Gritting his teeth against the pain in his chest, Joe crawled across the floor until he was behind Patrick, then jumped to his feet and braced the poker across Patrick’s throat. He held it firm. Any movement from Patrick and he’d choke.
“Sorry, Commander. You made another mistake.” Joe pulled the poker more tightly, but not so tightly that he’d kill the man. “Alejandro, find a phone. Dial 999. I’ve restrained Leviticus.”
“And look how fucking generic he is!” Alejandro shouted, jumping to his feet. “Look at him, the stupid, racist shit! Nobody knew it was you because nobody ever noticed you, because you’re just…this!” He gestured with his hand then knelt beside Zak, turning his gaze from the bleeding wound in his temple even as he took a mobile from his pocket.
“You were a better CPO than I thought,” Patrick told Joe as Alejandro pressed Zak’s lifeless finger to the phone screen, unlocking it. “I needed a man past his best, someone who’d let me get at Mr Fuente. You’re an outstanding officer, Joe, I trained you well. But you’ve learned something from this. One can never spot an extremist just by looking at him. Remember that when you’re the boss.”
Past my best?
The pain in Joe’s chest was getting worse, exacerbated by Patrick’s words. Joe finally allowed himself a roar of agony, and loosened the poker against Patrick’s throat.

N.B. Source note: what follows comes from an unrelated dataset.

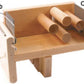 The Leclerc Tension Box Comb by Leclerc Looms is a wooden frame designed for beehive maintenance, featuring two sections labeled "Comb" and multiple cylindrical rods for structure and support. A green ring is attached to the left side of the frame, making it an essential accessory similar to a 4 dent comb for managing and maintaining beehive combs.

“I don’t want to be the boss,” Joe spat. “Not if it means turning into an arsehole like you! I hope you enjoyed it, by the way. Overhearing Alejo and I. Together. Happy. In love. You’ll never find love now. You’ll die behind bars. And you know what a shit time bent coppers have in prison, don’t you?”
“What did I always tell you, Joe? Expect the unexpected.” Patrick’s hand moved, just enough to slip into the pocket of his greatcoat. The gun he withdrew, small and shining, caught a glimmer of firelight before he pressed the barrel beneath his chin and pulled the trigger.
A warm spray of blood and brain matter hit Joe’s face. The poker clanged to the floor and the lifeless body of Commander Holloway was, for a moment, in Joe’s arms.
Joe laid his boss, Leviticus, on the floor and closed his staring eyes.
“Alejo? Are the police on the way?”
Alejandro, the phone still held to his ear, nodded mutely. Then he came to Joe and held out his arms, taking him into a wordless embrace.